Dear Sir:—Your favor of the 3d has been duly received. It will be a subject of real regret if the regulation we have adopted does not meet your wishes, and the more so as it is too far gone to be changed, acceptance having been received. I explained to you in my former letter the principles on which it was done, to wit, 1, to teach for public service in future such subjects as from their standing in society, talents, principles and fortune may probably come into the public councils. 2. to have a confidential person to take charge of the public papers and concerns in the case of the death of the principal. Nor is this new. When I went to France as a member of a commission, Humphreys was named as Secretary of Legation, without my having been consulted; and though I had previously engaged a private secretary who came over to me, no salary was allowed to him by the public as long as Humphreys staid. Humphreys lived in my family. So too Mr. Adams’s Legation to England, Col. Smith was named Secretary by Congress and no private secretary allowed. The only difference in the regulations is that Congress allowed the Secretary of Legation the same salary (2,000 D.) as if acting as Charges des affaires: whereas we allow exactly the salary of a private secretary (1250 D) so as not to add to the public expense which we make a fundamental principle in every case. In Sumpter’s character you have the utmost security, and his instructions shall moreover be pointed. Indeed the Secretary will find his interest in cultivating the patronage of his principal, as he cannot expect to remain in his family unless he can make himself agreeable, and he must moreover know, and will be told from us, that in case of disagreement or complaint he will be immediately recalled.

“With respect to the consul at Paris, Mr. Skipwith, who was consul there, was removed by Mr. Pickering for his politics, and a person appointed whom I disapprove entirely. Skipwith has accordingly been notified that his place will be restored to him. He is a man of excellent character, long versed in the consular business, having been 11 or 12 years consul, first in the West Indies, afterwards at Paris, possessing all our business there at his fingers ends, the French language, laws and institutions being to him as his native ones, independent in his fortune, and remaining at Paris for his own satisfaction being a single man. I have known him from a small boy, and can assure you you will find him a most valuable and friendly aid till you get possessed of the ground yourself & indeed afterwards.

“While on the subject of the Secretary of Legation I should have observed in answer to your supposition that he would look on himself as heir apparent and successor to his principal, that on the contrary he will find himself excluded from the immediate succession by the rule established in General’s Washington time, that no person should be continued or appointed to a foreign mission after an absence from his own country of 7. or 8. years. On this rule it is that Humphreys is recalled, having been about 11 years. I am persuaded you will find the difficulties you apprehend vanish in practice.

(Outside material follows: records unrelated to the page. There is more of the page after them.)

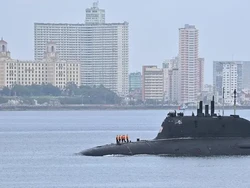 Kapal Selam Nuklir Rusia Tiba di Kuba di Tengah Ketegangan AS-Rusia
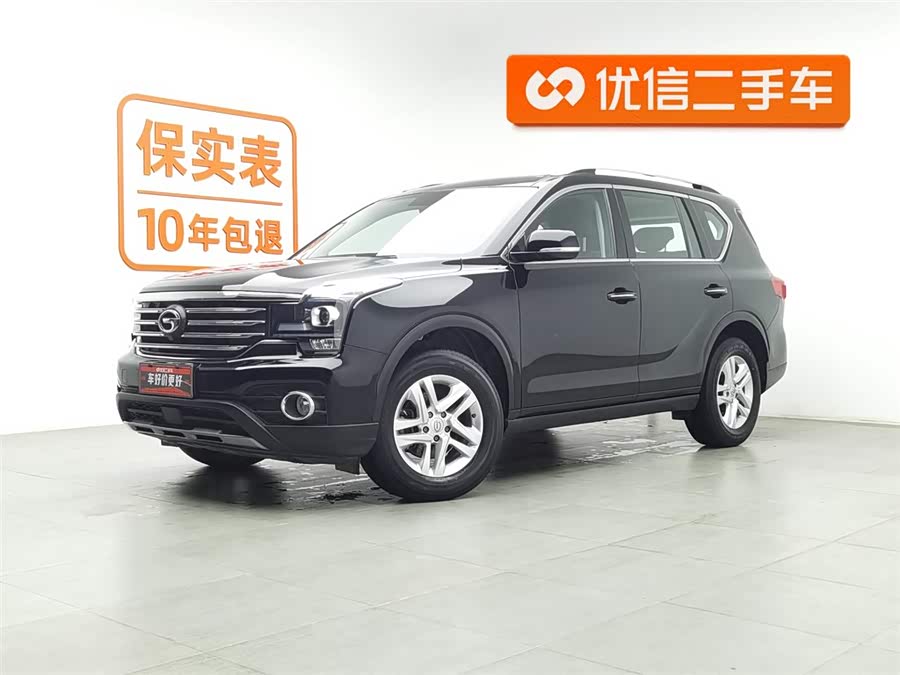 GAC Trumpchi GS7 2018 #2 GAC Trumpchi GS7 2018 car image #2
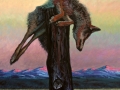 Coyote Blood Moon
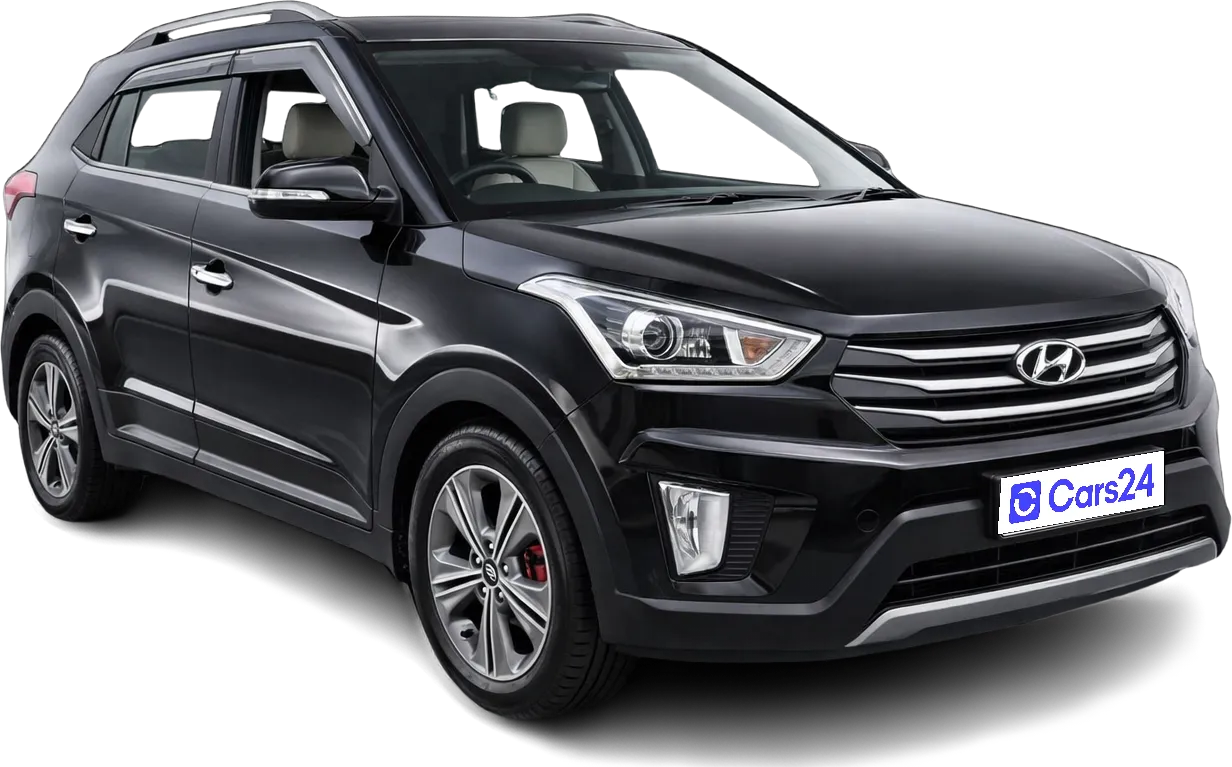 2017 Hyundai Creta - SUV - Diesel - Manual - ₹6.57 lakh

The Secretaries of Legation, though named at first by the government, find themselves so entirely dependent on their principal for their accommodation, their character and even their continuance, that I have never known an instance where they have not been as perfectly pliant as a private secretary, except in the case of Carmichael & Jay, where I believe a bickering arose. But you know a greater one arose between Jay and his private secretary Littlepage. In hopes of seeing you here shortly according to the intimations in your letter, and of then explaining more fully, I conclude with a tender of my affectionate esteem and high respect & consideration.”

1

Jefferson also wrote to Pierrepont Edwards as follows:

Washington, Mar. 29, 1801.

Sir,—You will doubtless have long ago learned that the office which was the subject of your two favors to me was filled by Mr. Adams some days before he went out of office. I have not considered as candid, or even decorous the crowding of appointments by Mr. A. after he knew he was making them for his successor and not for himself even to 9. o’clock of the night at twelve of which he was to go out of office. I do not think I ought to permit that conduct to have any effect, as to the offices removable in their nature. Of course this would leave me free to fill Mr. Goodrich’s place by any other person. This is a subject worthy of mature consideration, and therefore Judge Lincoln will ask of yourself & some few of your fellow laborers, who best know all the circumstances which ought to weigh, to consult and advise us on this subject; taking a broad view of it, general as well as local. If it be thought that there may be a character, which might prevail in a comparison with Mr. Goodrich’s & whose appointment would better further the progress of republican opinion, be so good as to favor us with your sentiments either addressed to myself directly, or to Mr. Lincoln. And in all cases I invite, & shall receive with great thankfulness your opinion & that of others on the course of things, & particularly in the suggestion of characters who may worthily be appointed to vacancies which happen within your knolege. Your spontaneous information too would be desirable, without waiting for the solicitation of those who wish office. My other occupations may not permit me to return you my thanks on every special occasion of receiving your information, and therefore I must hope it on the score of public not personal favors & refer you for the acknowledgment to the effect which you may be assured your opinions will have here. Accept assurances of my high consideration & respect.”

1

From the original in the possession of the Virginia Historical Society.

1

In continuation Jefferson wrote to Stuart:

Monticello Apr 25. 1801.

Dear Sir,—I wrote on the 8th. inst. to ask your recommendation of an Attorney & Marshell for the Western district of this state, but I learn you were absent on your circuit. On the inquiry I have been able to make, I have appointed Mr John Monroe, attorney, but I cannot decide between Andrew Alexander, John Alexander, & John Camphers, recommended by different persons for the Marshell’s office. Pray write me your opinion, which appointment would be most respected by the public, for that circumstance is not only generally the best criterion of what is best, but the public respect can alone give strength to the government. I set out tomorrow to take up my residence in Washington where I shall hope to receive a letter from you. Accept assurances of my sincere esteem & respect.”

1

On this case of Duane, Jefferson wrote to R. R. Livingston as follows:

Washington, May 31, 1801.

Dear Sir,—Our attorney general being absent, and none of the other members of the administration being professional lawyers, I am obliged to decide for myself in a case of law, which, in whatever way I decide, will make a great deal of noise. In this situation I ask the favor of you as a friend, and as a lawyer still in the habit of law reading, which I have not been for 30. years, to tell me what you think on the following questions arising in the case of Duane, imprisoned for [faded] days for contempt of court in printing matters, not pretended to be untrue relating to a case depending in court, in which he was a party?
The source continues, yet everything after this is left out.